- TO DO: Down to the last word, output the records below, skipping any images.

- MATERIAL FOR THIS TASK:
^^^^
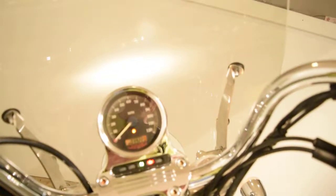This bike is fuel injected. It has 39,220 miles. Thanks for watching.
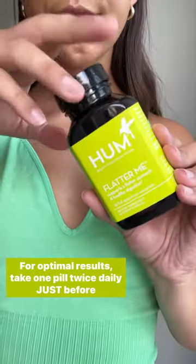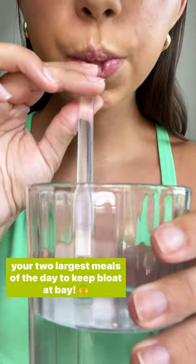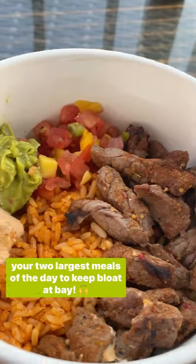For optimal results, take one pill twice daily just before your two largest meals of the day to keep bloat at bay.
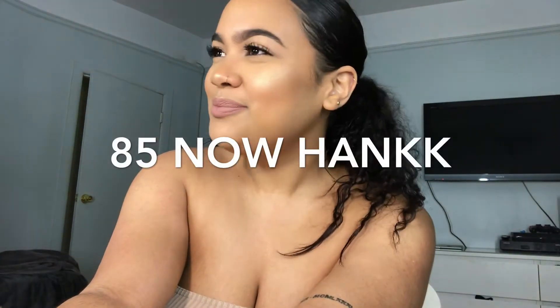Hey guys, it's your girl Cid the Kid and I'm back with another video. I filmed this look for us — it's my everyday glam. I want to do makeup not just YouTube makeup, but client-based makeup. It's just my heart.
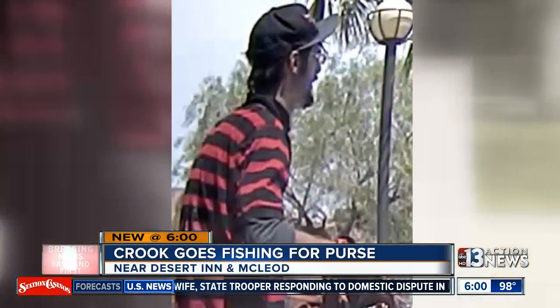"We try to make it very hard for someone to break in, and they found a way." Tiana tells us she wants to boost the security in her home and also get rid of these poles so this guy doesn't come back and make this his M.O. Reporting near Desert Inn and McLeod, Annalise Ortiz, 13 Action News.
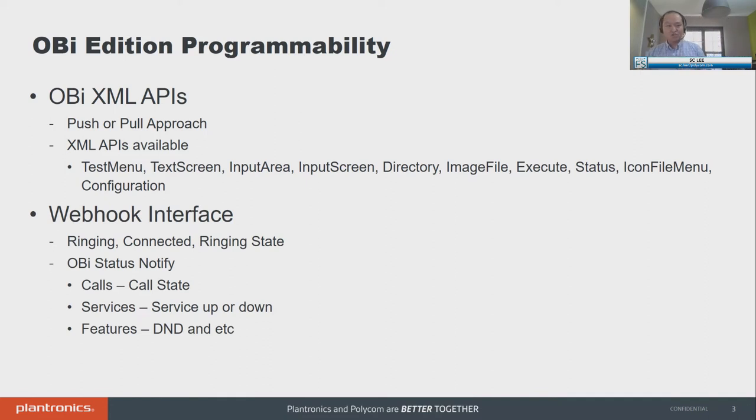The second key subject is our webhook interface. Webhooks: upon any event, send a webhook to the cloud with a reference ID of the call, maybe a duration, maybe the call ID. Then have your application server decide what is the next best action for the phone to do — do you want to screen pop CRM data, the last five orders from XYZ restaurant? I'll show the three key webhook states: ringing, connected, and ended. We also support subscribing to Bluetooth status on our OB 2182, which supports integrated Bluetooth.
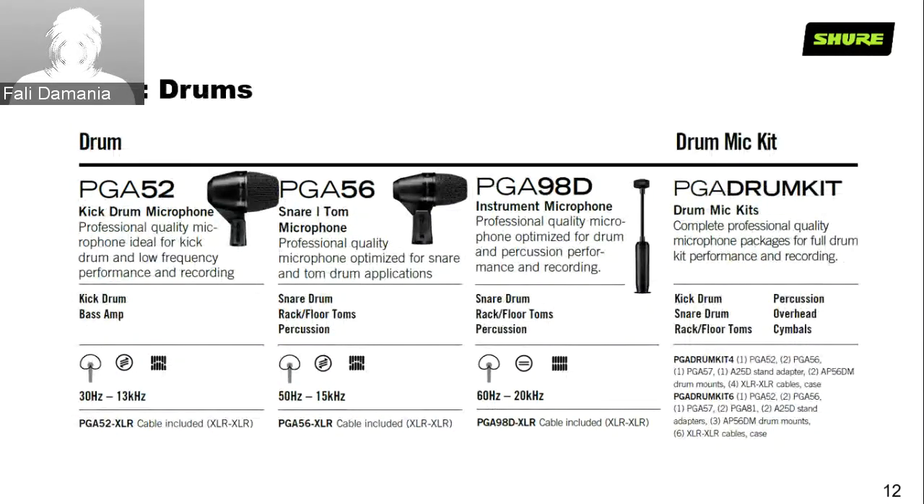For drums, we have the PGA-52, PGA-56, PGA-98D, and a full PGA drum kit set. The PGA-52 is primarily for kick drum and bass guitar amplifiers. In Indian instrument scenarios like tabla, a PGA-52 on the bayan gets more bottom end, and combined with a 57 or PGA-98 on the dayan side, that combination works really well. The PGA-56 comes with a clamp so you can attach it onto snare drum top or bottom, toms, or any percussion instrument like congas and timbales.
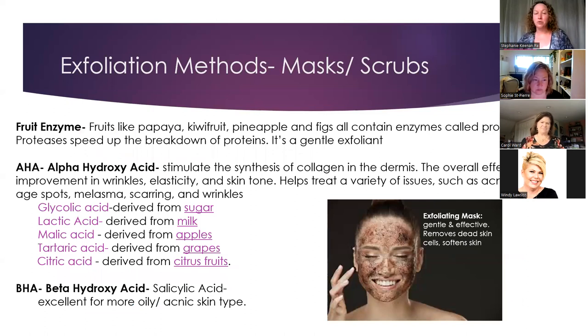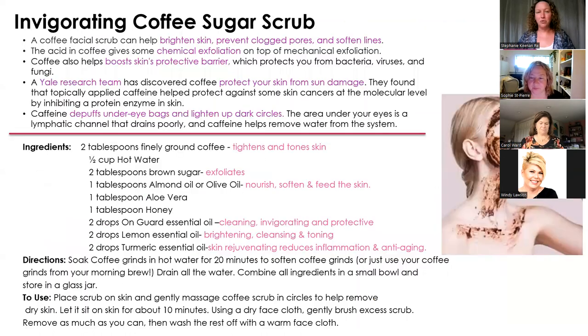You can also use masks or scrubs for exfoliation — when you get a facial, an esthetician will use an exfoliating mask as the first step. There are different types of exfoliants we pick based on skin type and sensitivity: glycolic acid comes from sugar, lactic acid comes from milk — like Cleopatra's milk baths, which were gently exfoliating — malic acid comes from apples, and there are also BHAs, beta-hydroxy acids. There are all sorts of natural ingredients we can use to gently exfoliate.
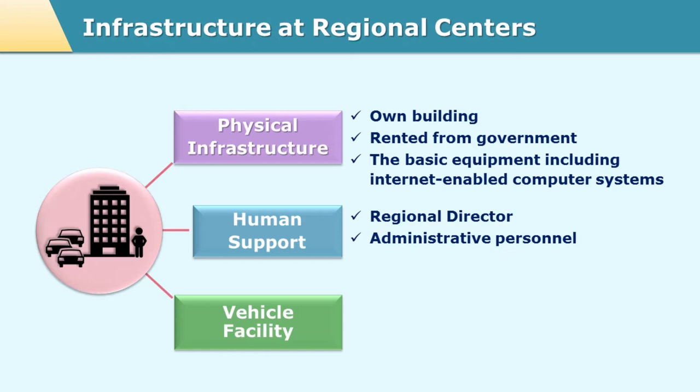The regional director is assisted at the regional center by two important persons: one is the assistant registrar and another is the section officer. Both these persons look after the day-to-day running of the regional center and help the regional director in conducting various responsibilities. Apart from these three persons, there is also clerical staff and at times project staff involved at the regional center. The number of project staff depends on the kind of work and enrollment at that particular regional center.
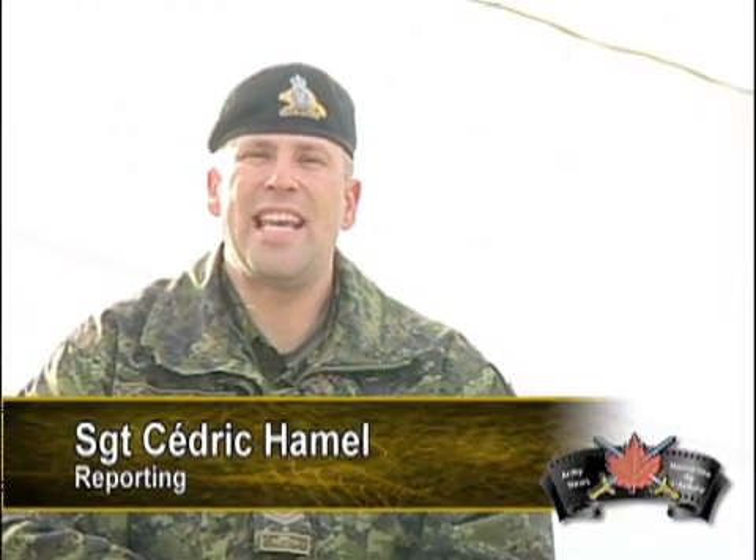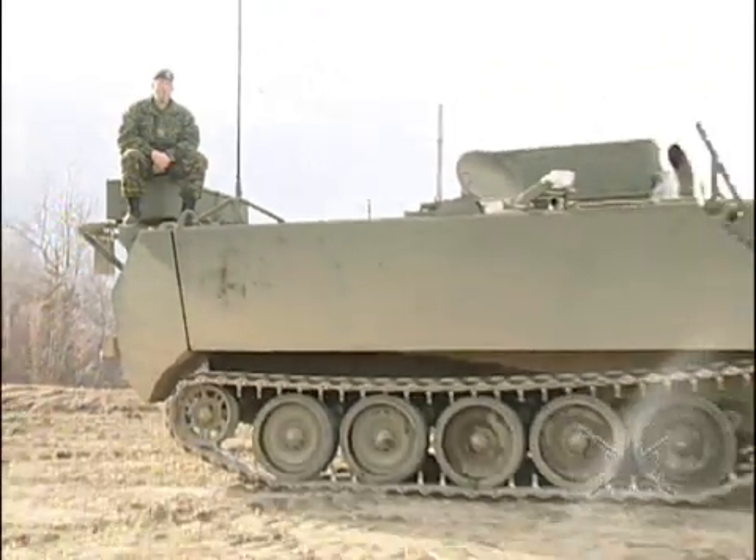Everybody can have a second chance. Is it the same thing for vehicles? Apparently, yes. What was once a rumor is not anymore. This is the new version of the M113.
^^^^
- ANSWER SPACE:
This bike is fuel injected. It has 39,220 miles. Thanks for watching.
For optimal results, take one pill twice daily just before your two largest meals of the day to keep bloat at bay.
Hey guys, it's your girl Cid the Kid and I'm back with another video. I filmed this look for us — it's my everyday glam. I want to do makeup not just YouTube makeup, but client-based makeup. It's just my heart.
"We try to make it very hard for someone to break in, and they found a way." Tiana tells us she wants to boost the security in her home and also get rid of these poles so this guy doesn't come back and make this his M.O. Reporting near Desert Inn and McLeod, Annalise Ortiz, 13 Action News.
The second key subject is our webhook interface. Webhooks: upon any event, send a webhook to the cloud with a reference ID of the call, maybe a duration, maybe the call ID. Then have your application server decide what is the next best action for the phone to do — do you want to screen pop CRM data, the last five orders from XYZ restaurant? I'll show the three key webhook states: ringing, connected, and ended. We also support subscribing to Bluetooth status on our OB 2182, which supports integrated Bluetooth.
For drums, we have the PGA-52, PGA-56, PGA-98D, and a full PGA drum kit set. The PGA-52 is primarily for kick drum and bass guitar amplifiers. In Indian instrument scenarios like tabla, a PGA-52 on the bayan gets more bottom end, and combined with a 57 or PGA-98 on the dayan side, that combination works really well. The PGA-56 comes with a clamp so you can attach it onto snare drum top or bottom, toms, or any percussion instrument like congas and timbales.
You can also use masks or scrubs for exfoliation — when you get a facial, an esthetician will use an exfoliating mask as the first step. There are different types of exfoliants we pick based on skin type and sensitivity: glycolic acid comes from sugar, lactic acid comes from milk — like Cleopatra's milk baths, which were gently exfoliating — malic acid comes from apples, and there are also BHAs, beta-hydroxy acids. There are all sorts of natural ingredients we can use to gently exfoliate.
The regional director is assisted at the regional center by two important persons: one is the assistant registrar and another is the section officer. Both these persons look after the day-to-day running of the regional center and help the regional director in conducting various responsibilities. Apart from these three persons, there is also clerical staff and at times project staff involved at the regional center. The number of project staff depends on the kind of work and enrollment at that particular regional center.
Everybody can have a second chance. Is it the same thing for vehicles? Apparently, yes. What was once a rumor is not anymore. This is the new version of the M113.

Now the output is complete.